+++ Excerpted records
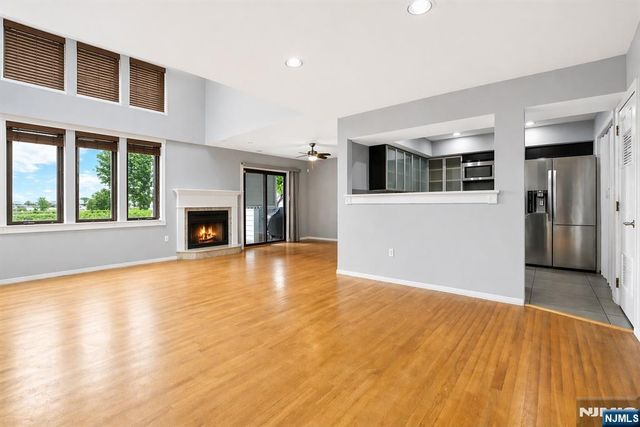 804 Spinnaker Court, Secaucus, NJ 07094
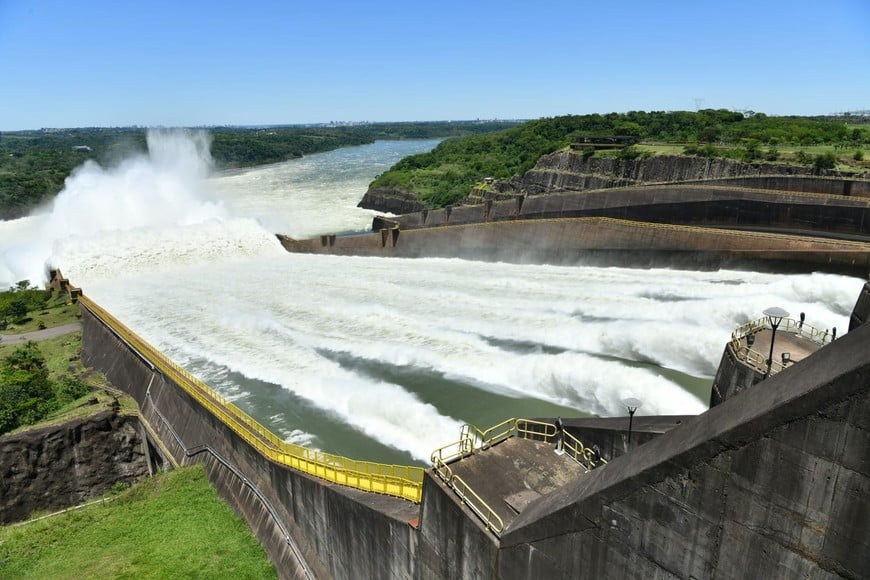Itaipú, sobre el Paraná entre Brasil y Paraguay, puede almacenar agua y modificar temporalmente sus descargas. Archivo.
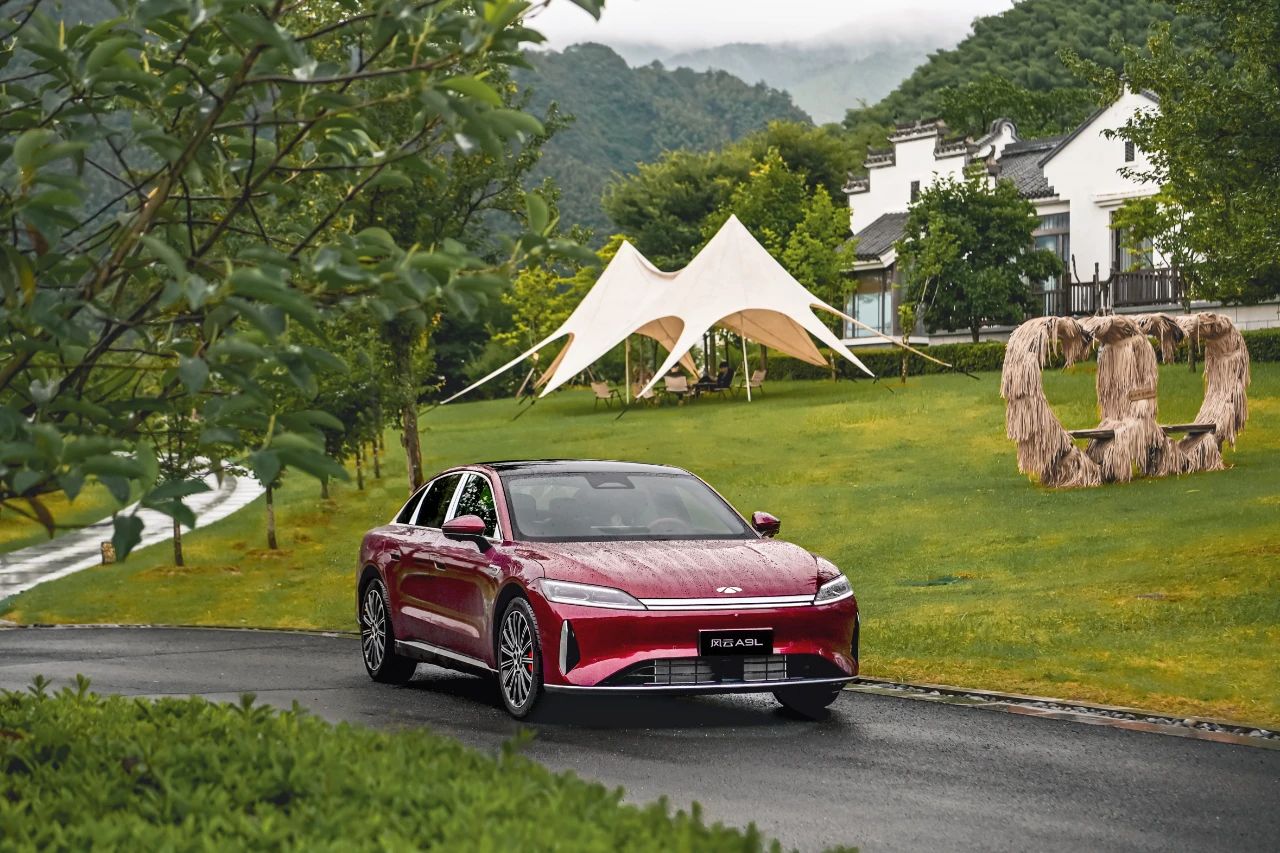 风云A9L预售15.99万起 4秒级零百+2500km续航
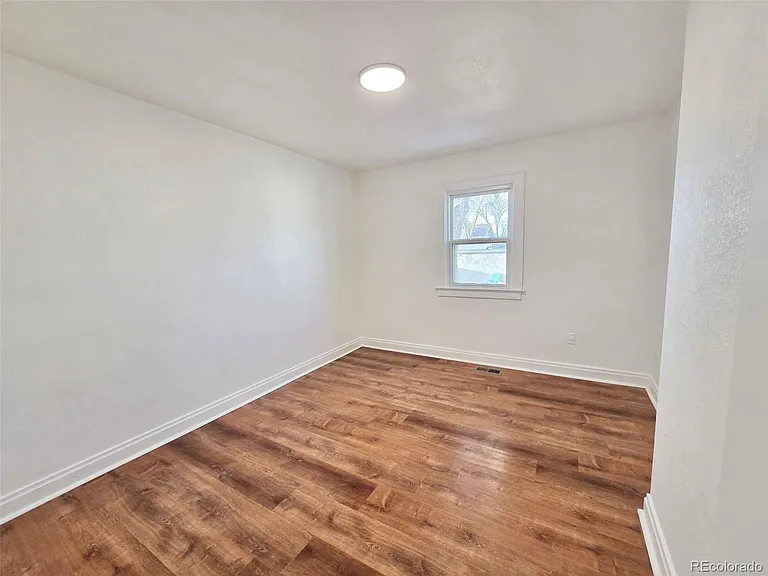 435 Bridge St — Photo 4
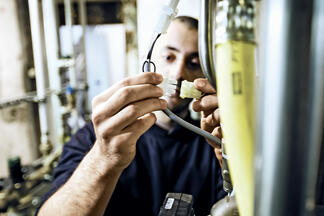 Heizungsmodernisierung | Modernisierungsschritte | Elektroanschluss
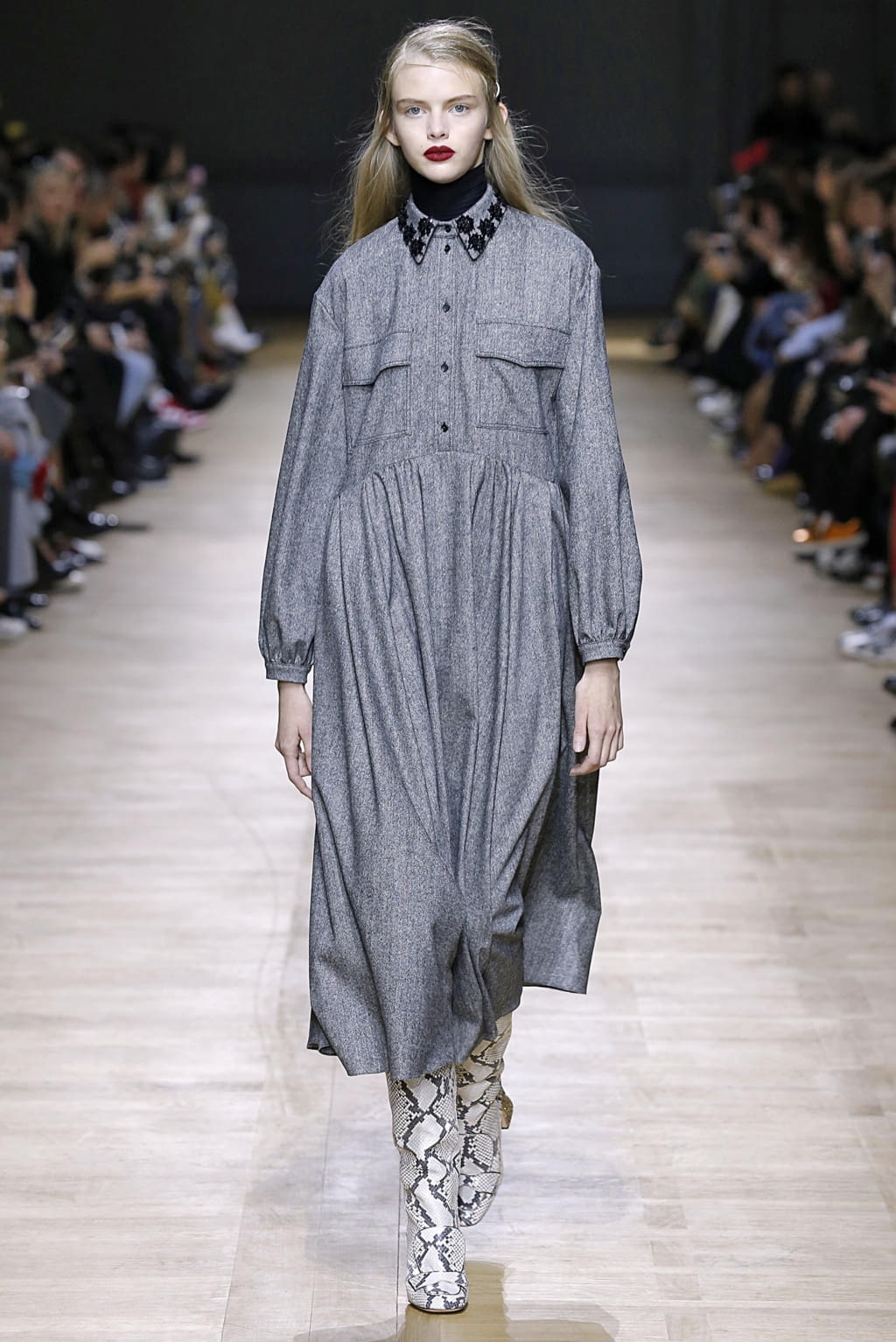 Fashion Week Paris Fall/Winter 2018 look 7 from the Rochas collection womenswear
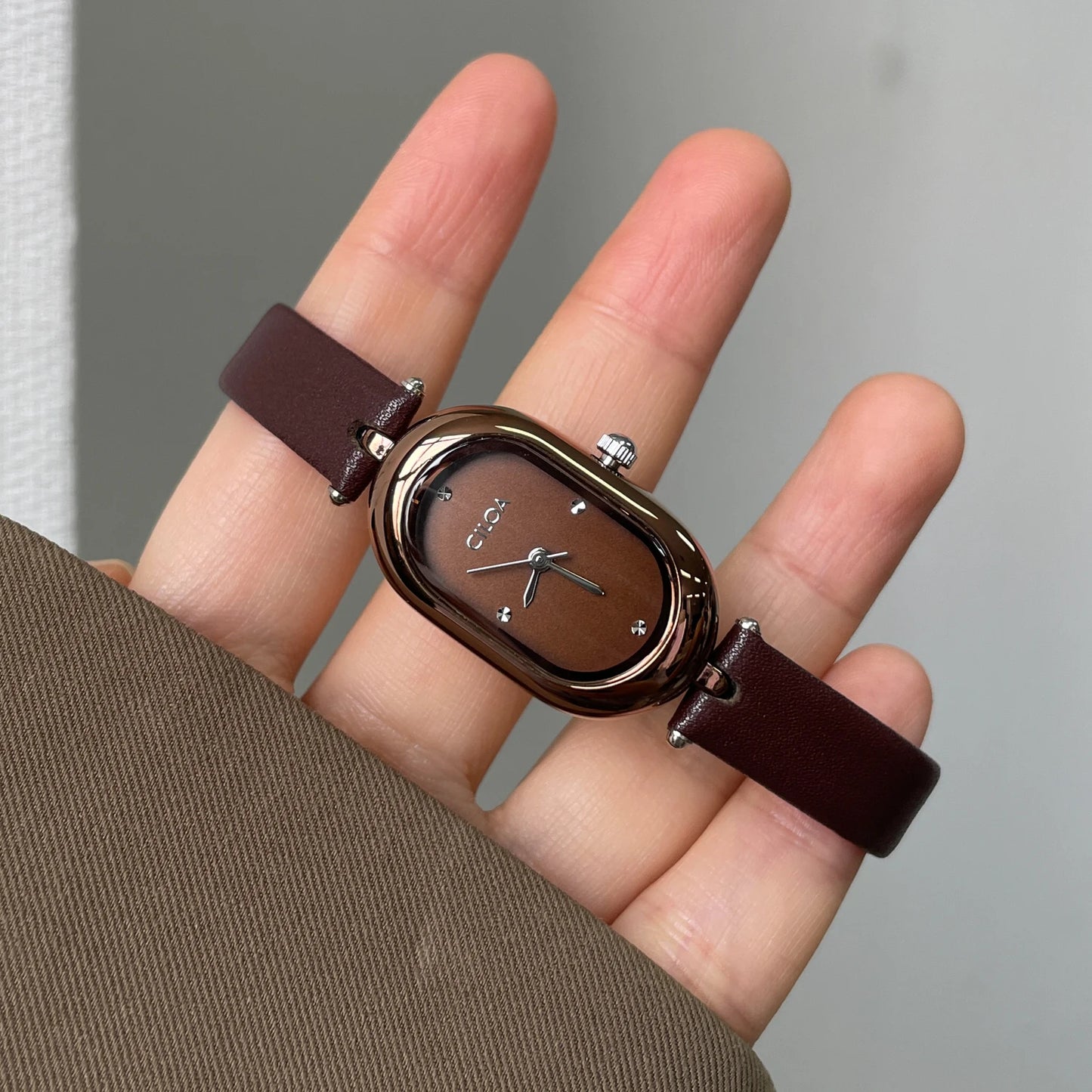 Luxury Artistic Bracelet Style Quartz Watch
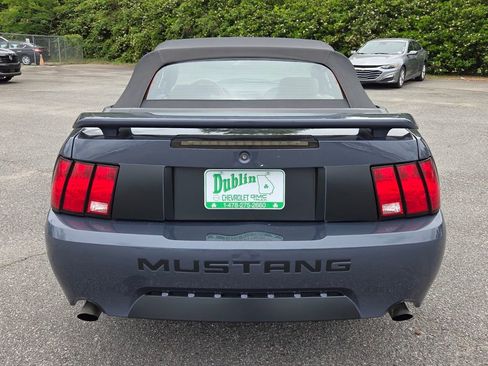 Used 2001 Ford Mustang GT RWD image 8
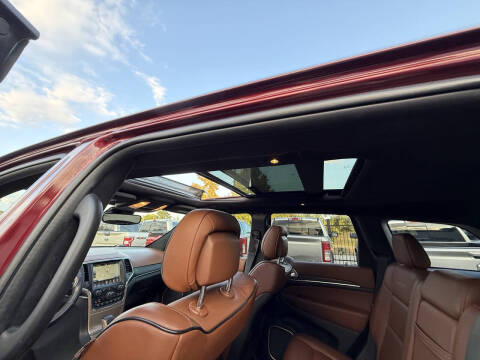 2017 Jeep Grand Cherokee Summit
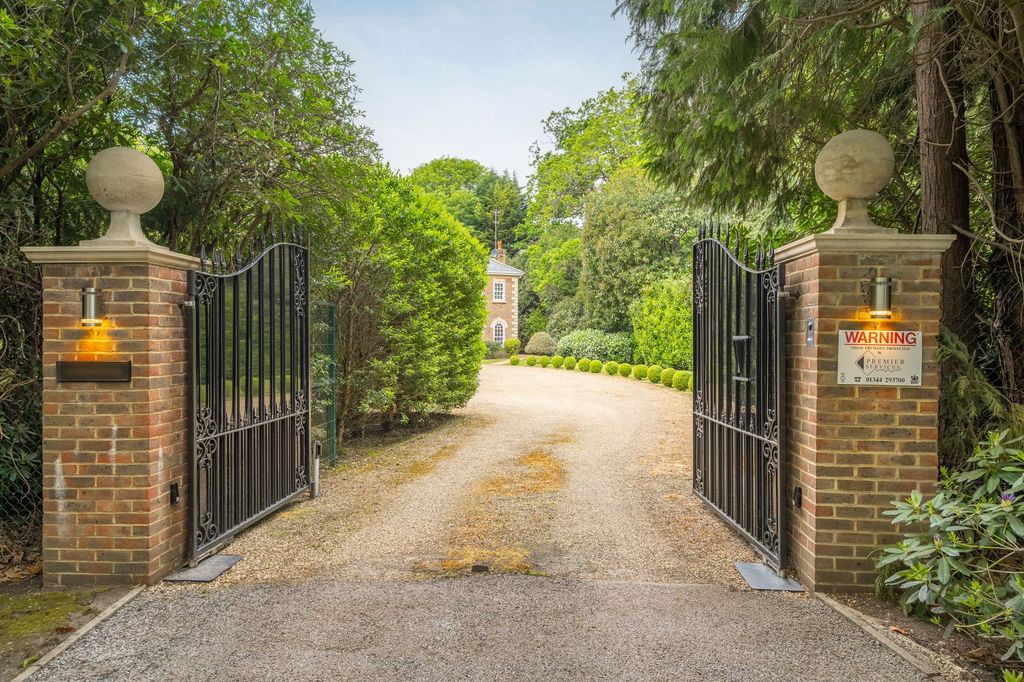Additional image 17 of 5 bed detached house to rentWellington Avenue, Virginia Water GU25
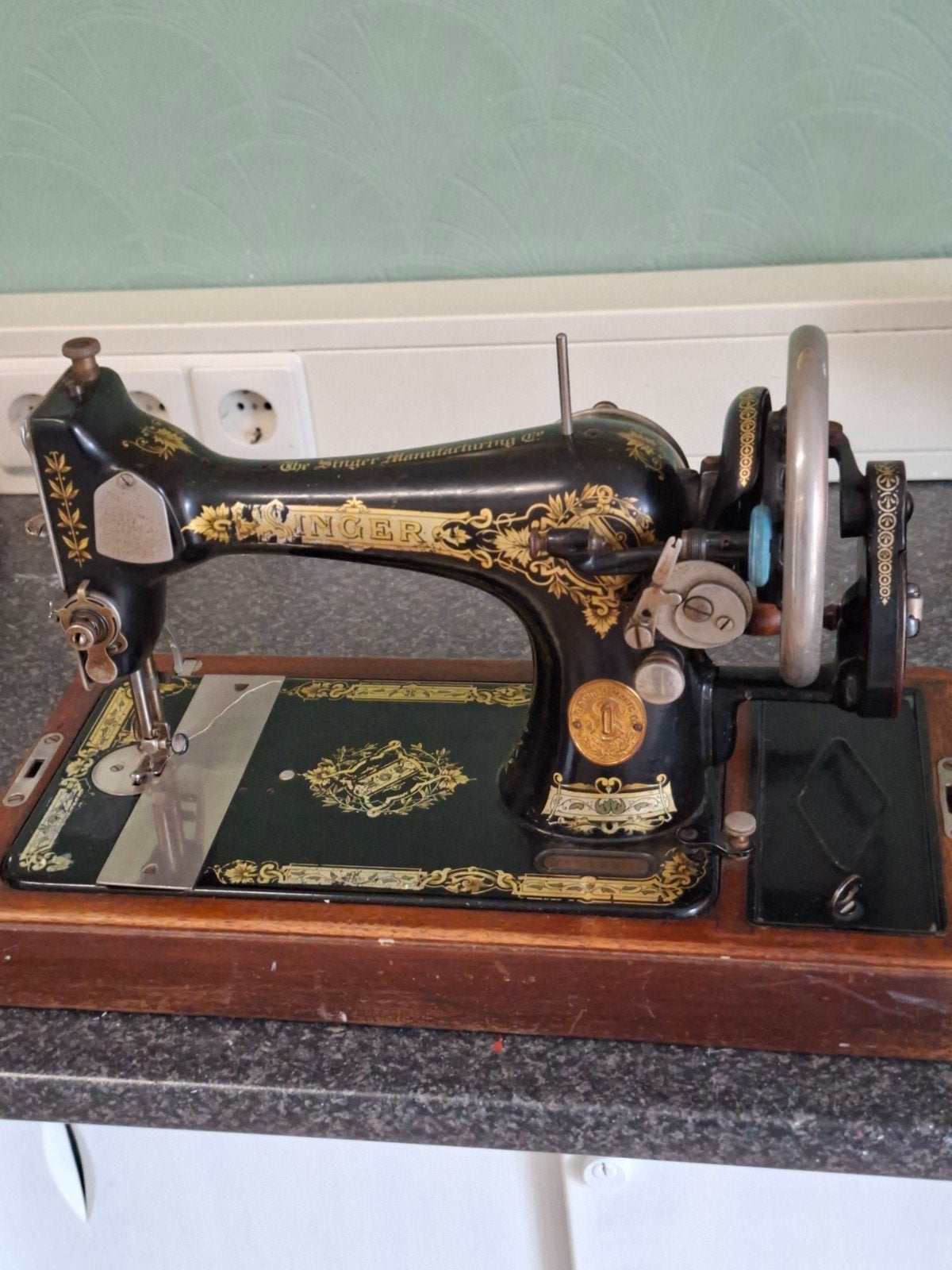 Antiek naaimachine  met koffer, Antiek en Kunst, Antiek | Naaimachines, Ophalen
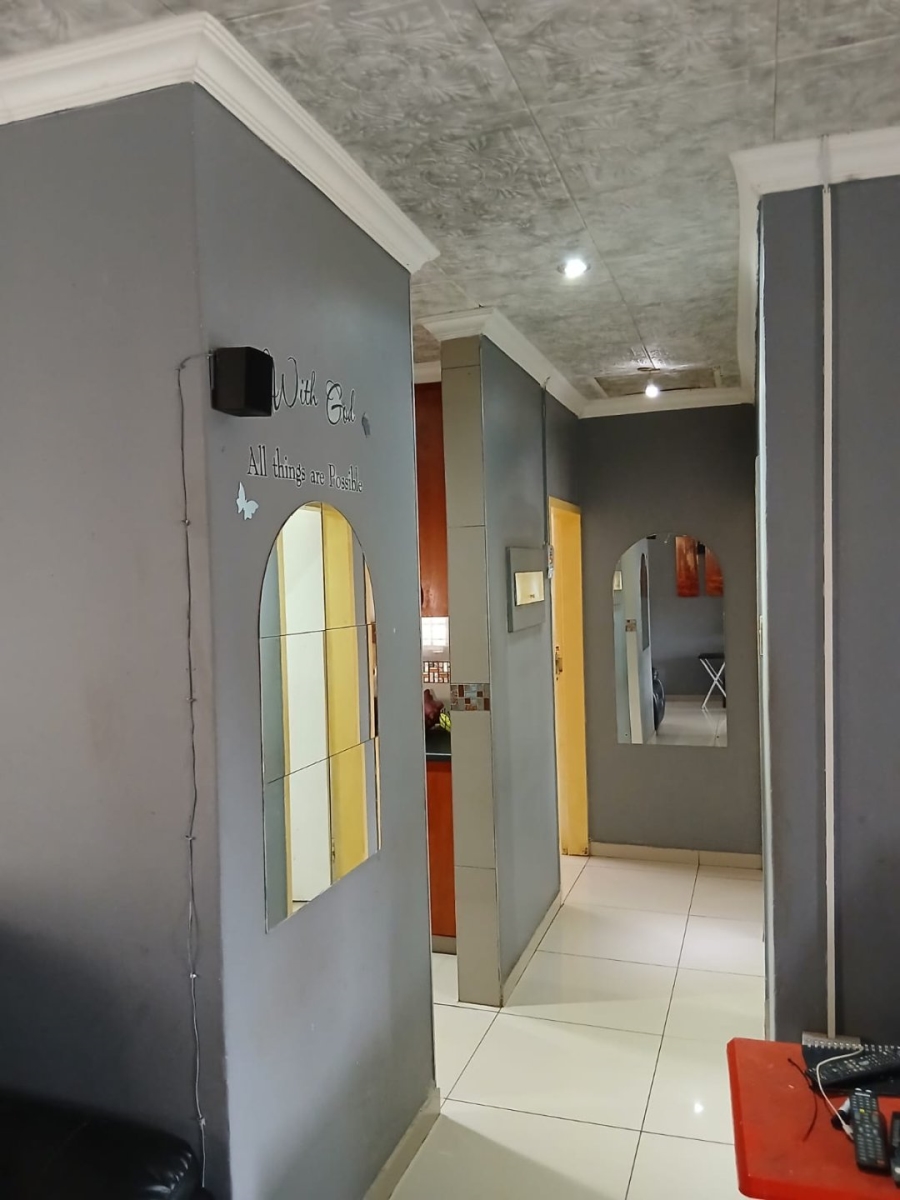  Bedroom Property for Sale in Elandspoort Gauteng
++++++
What to produce: Repeat exactly the line containing "Additional image 17" and every line after it through the end of the records, and nothing else. Leave the pictures out.

Response:
Additional image 17 of 5 bed detached house to rentWellington Avenue, Virginia Water GU25
 Antiek naaimachine  met koffer, Antiek en Kunst, Antiek | Naaimachines, Ophalen
  Bedroom Property for Sale in Elandspoort Gauteng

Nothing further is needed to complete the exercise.